Floodway property owners could be bought out soon
BATON ROUGE - A woman who's lived on the same property all her life is now being told she might not be able to rebuild after the 2016 flood.
Alicia Donnell tells 2 On Your Side she feels cheated.
"Never did anybody come out and say, 'Miss Donnell you've made a mistake,'" she said.
Palmer Lane is tucked off South Harrells Ferry Road in Baton Rouge. It's a stone's throw from the Amite River. The property has been part of Donnell's family since before she was born. Before the flood, she was living there with her husband and her mother. It's where her mother wants to live out the rest of her days.
"And every day she asks me, 'do we get to go home today?'" said Donnell.
Every day, she has to tell her mother they can't go home. The house took in about three feet of water in August 2016. The home is gutted, but Donnell didn't rip out the outside walls or the tile on the floor. She wears a mask when she walks inside to show WBRZ around the house she built in 2008. Donnell says the mold count is dangerous to her health.
The house was built with her mother in mind, who uses a wheelchair to get around.
Recently, her dreams of rebuilding have come to a screeching halt.
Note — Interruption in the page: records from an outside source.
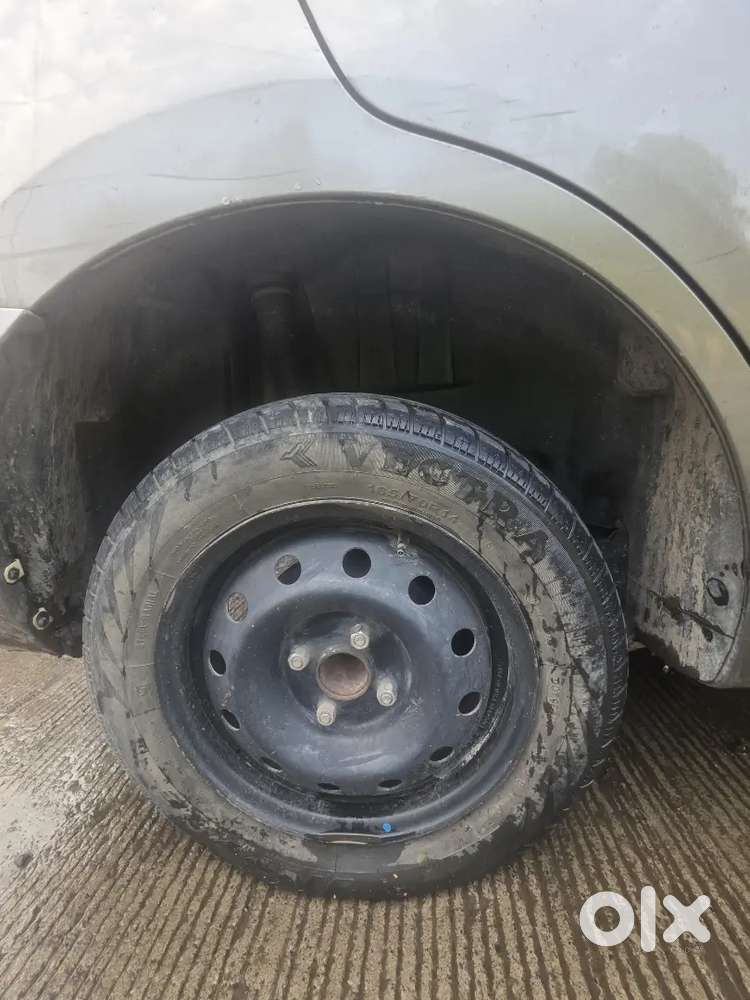 Maruti Suzuki Dzire 2020 Petrol 46511 Km Driven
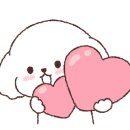 남촌초등학교(병설) 이미지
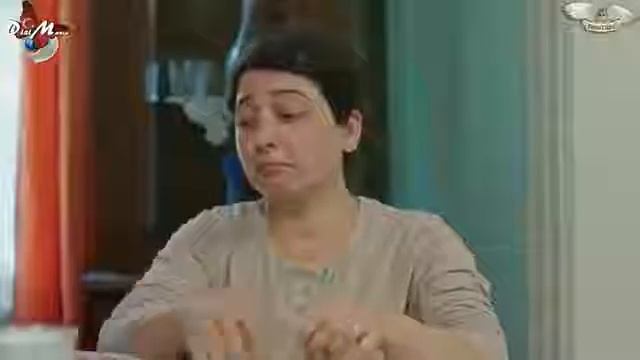 Любовь напоказ 14 серия русская озвучка
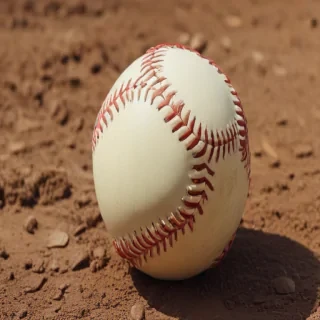softball wallpapers aesthetic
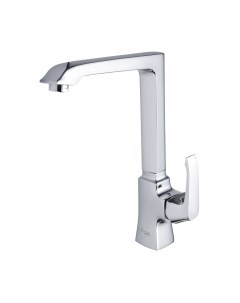 Смеситель PL4088 Maxonor pure life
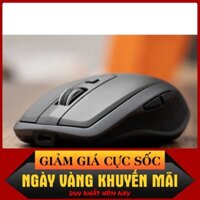 CÂN TẤT CẢ Chuột Không Dây Logitech MX Anywhere 3 - Anywhere 3 For MAC - Bảo hành chính hãng 12 Tháng $$$$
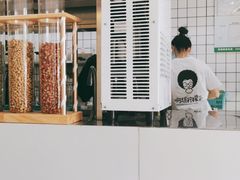 -阿爆柠檬茶(容桂店)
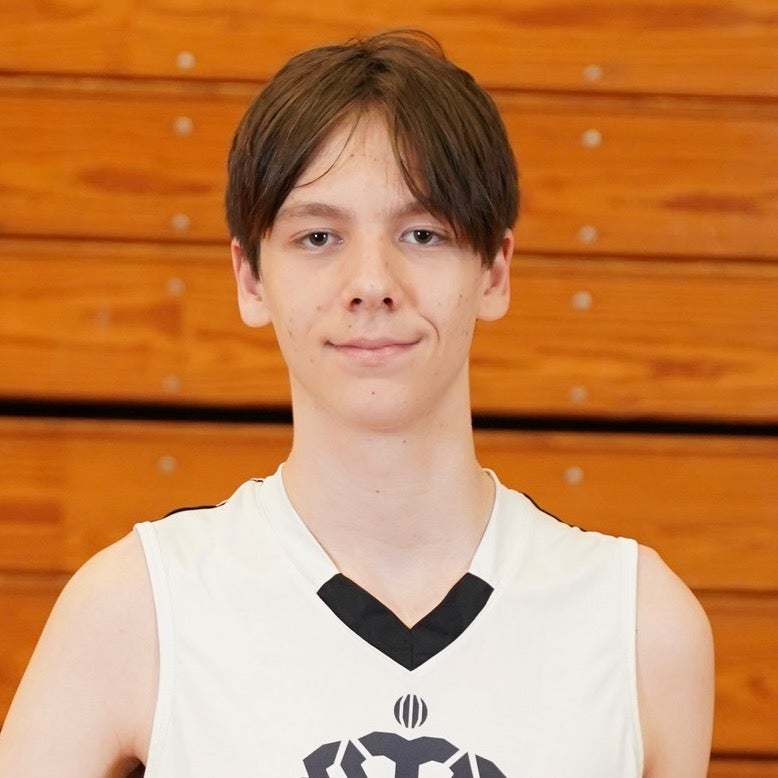 Aurek Fenn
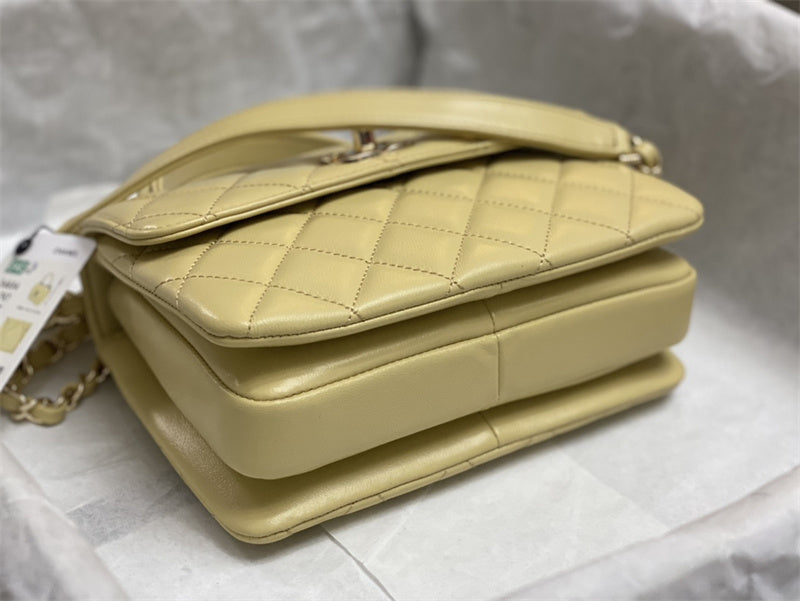 Amelia- CHL Bags - 116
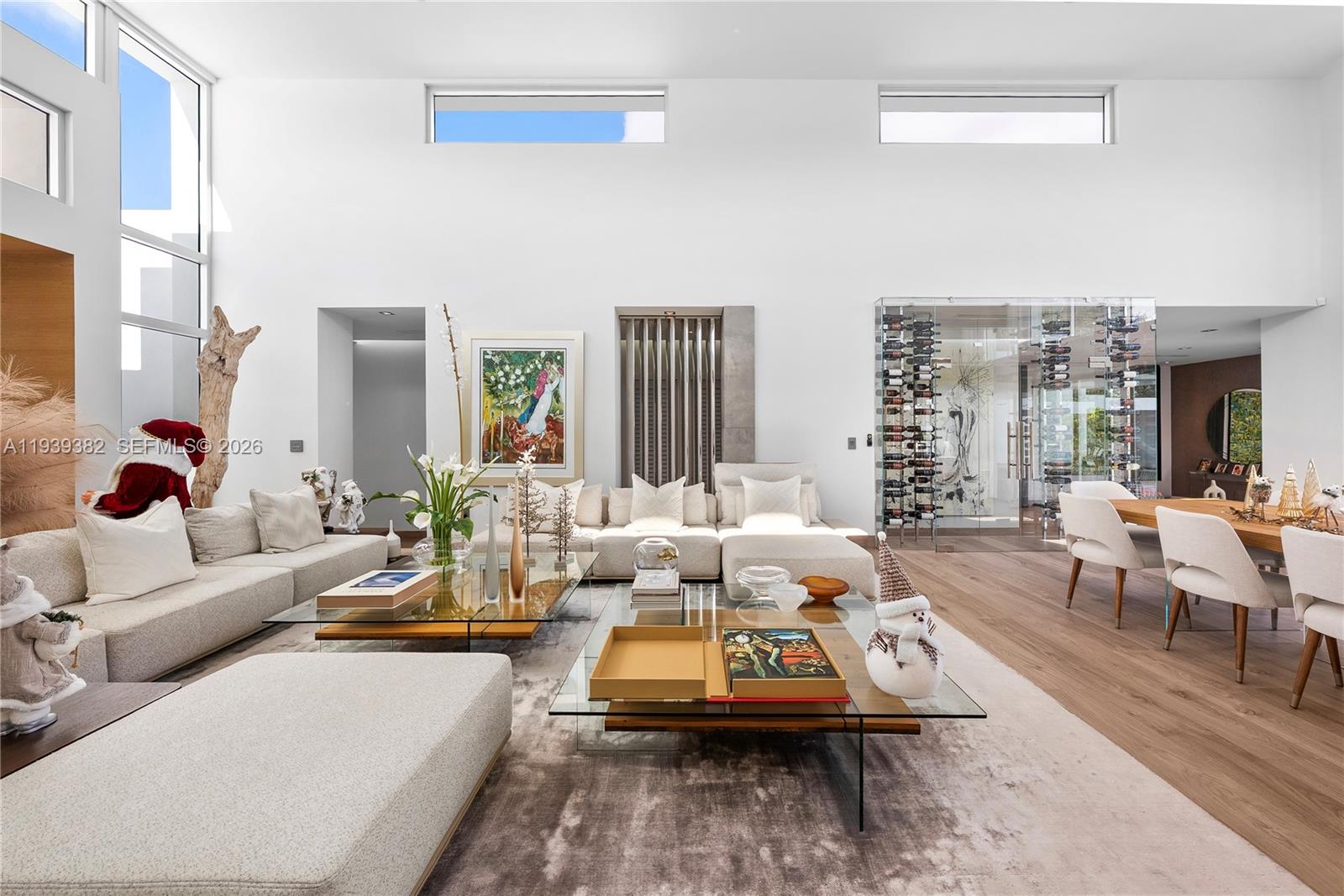 7218 SW 102nd St Pinecrest, FL 33156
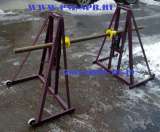 ДКГ 16-2 домкрат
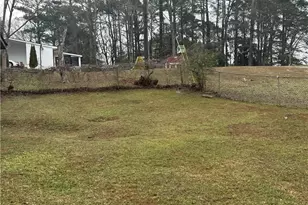 3029 Flamingo Dr, Decatur, GA 30033 - Photo 31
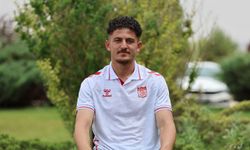 Emirhan Başyiğit’ten Taraftara Mesaj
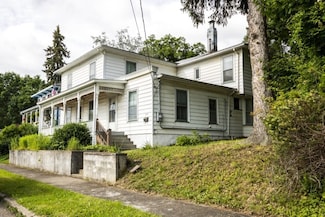 109 S Madison Ave, Watkins Glen, NY 14891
Donnell says she received some assistance from FEMA. Long ago, she paid off the house and no longer has flood insurance. She was also denied an SBA loan. She's also learned her entire property is in a floodway.
A floodway is a designated channel of a river or stream that must remain free from obstruction in the event of flooding. It's an area where water is expected to flow.
Donnell says it's the first she's heard since she was permitted to build the house by the City-Parish.
She's not alone. Restore Louisiana says Donnell is one of about 400 homeowners who applied for the program and also lives on a floodway property. Those homeowners are in a holding pattern until funding becomes available, if that happens.
Director of the Office of Community Development Pat Forbes, says Restore Louisiana financial assistance can't be used for repairs, reimbursement of repairs, rehabilitation, or reconstruction. However, the program may offer a buyout in the future for homeowners with damaged properties inside floodways, if funding permits.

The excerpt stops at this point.